ÖZELEŞTİRİ VE PİŞMANLIK
Her iktidarla iyi geçinerek sinsi planlarını adım adım uygulayan FETÖ, AK Parti iktidarında da "altın dönemini" yaşamıştı. 3 Ağustos'ta Olağanüstü Din Şurası'nda konuşan Erdoğan'ın "Bundan dolayı hem Rabbimize hem de milletimize verecek hesabımız olduğunu biliyorum. Rabbim de milletim de bizi affetsin." sözleri ciddi bir özeleştiriydi.
YENİKAPI DAVETİ
Demokrasi nöbetlerini taçlandırmak isteyen Erdoğan, milyonları tek çatı altında topladı. Bahçeli ve Kılıçdaroğlu'nu Yenikapı mitingine davet etti. Bahçeli'nin uzun sürmeyen olumlu yanıtına jest yaptı ve açıklamasını twitter sayfasından paylaştı.
Kılıçdaroğlu'nun olumsuz yanıtına karşı sabırlı oldu alttan alan Erdoğan, ısrarcılığının karşılığını aldı. Kılıçdaroğlu da şartlar öne sürse de tarihi güne katılma kararı aldı.

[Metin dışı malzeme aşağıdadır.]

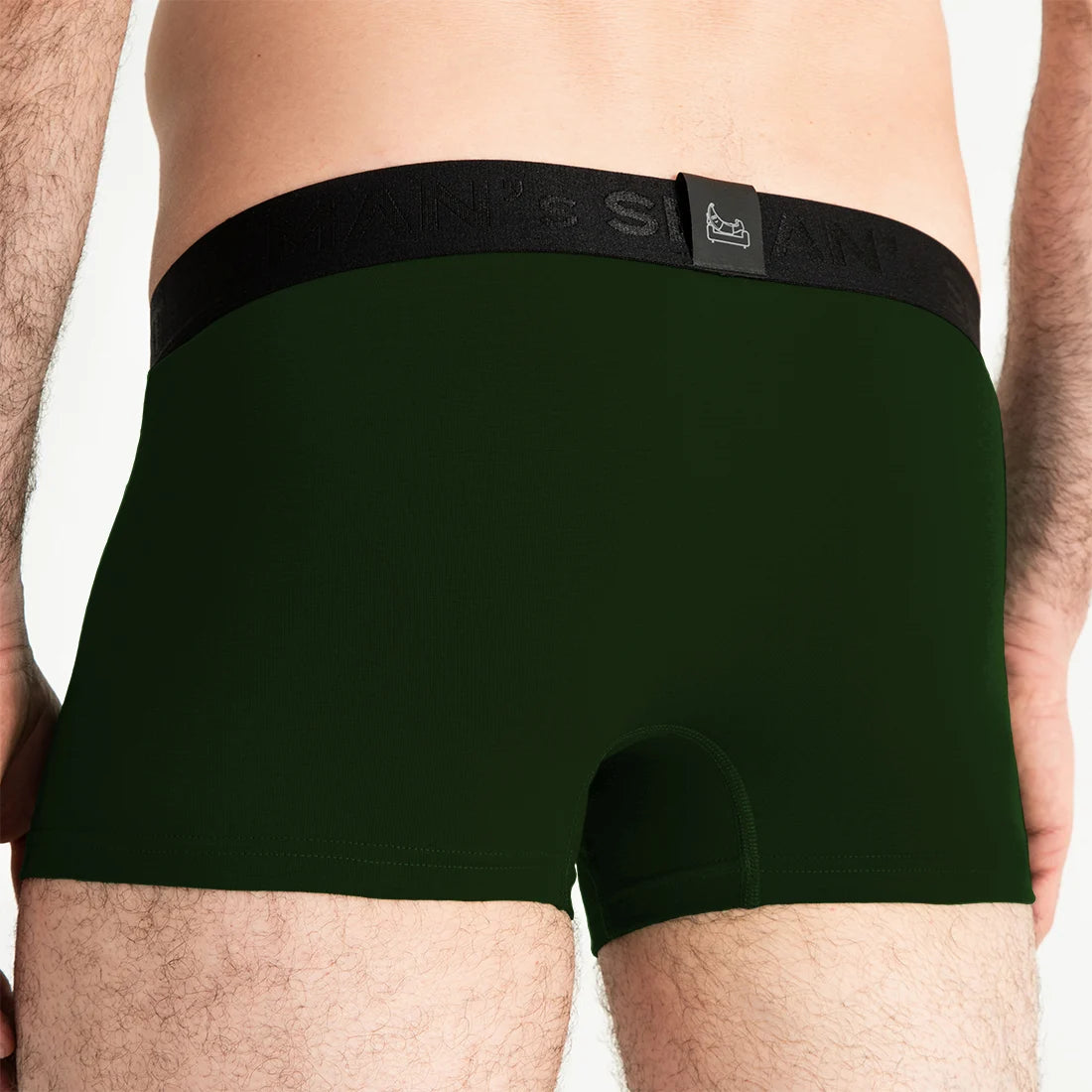 Forest green men’s trunk by Man’s SET, breathable underwear  FlexFit 3.2 inch cut, back view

Erdoğan karşıtları için cumhurbaşkanının çabalarını gelinen nokta itibariyle politik hamle olarak yorumluyor. Ancak bu durum cumhuriyet tarihinin en kritik günlerinin atlatılmasındaki rolünü değiştirmiyor.
"YENİKAPI RUHU" YENİ ANAYASAYI MECBUR KILIYOR
Yenikapı mitingi bir şeyi daha gösterdi aslında. Ne parlamenter sistem ne de başkanlık sistemi. 7 Ağustos'ta Yenikapı gösterdi ki, öncelik yeni anayasa. Darbeye "hayır" diyenlere darbe ürünü anayasayı reva görmek mümkün mü?

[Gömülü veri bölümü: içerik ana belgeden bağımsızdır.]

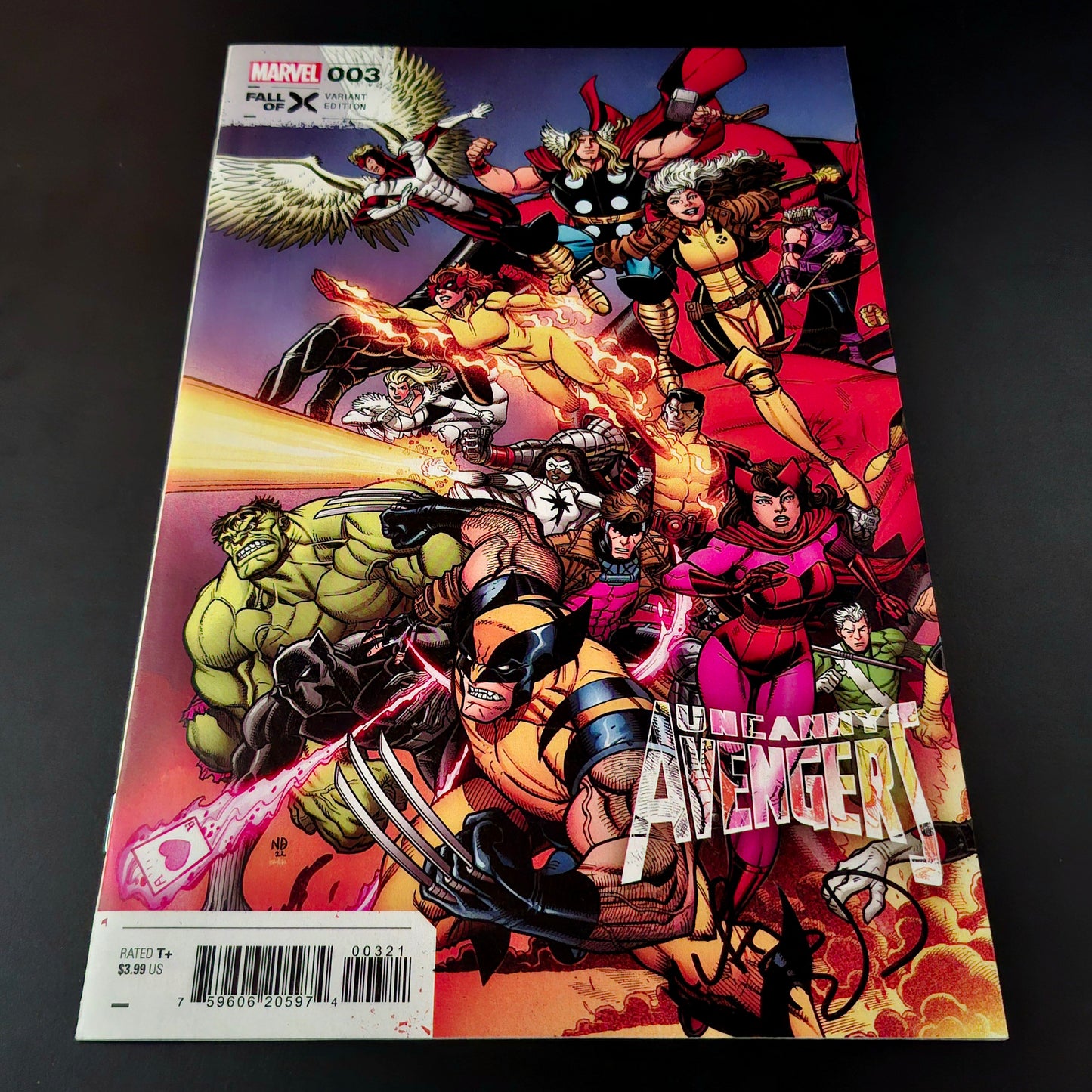 Uncanny Avengers #3A et #3B variant covers + Signatures de Nick Bradshaw (COA)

Dahası 40 yıl önce devletin kılcal damarlarına kadar sızan FETÖ gerçeği ortada dururken... Yine Erdoğan, öncezi gün El Cezire'ye verdiği mülakatta "Onların köklerini kazacağız. Devleti sıfırdan kuracağız" diyordu.
Dün "Yenikapı ruhu" devam ettirilebilirse, yeni bir toplumsal sözleşme olmaması için neden yok.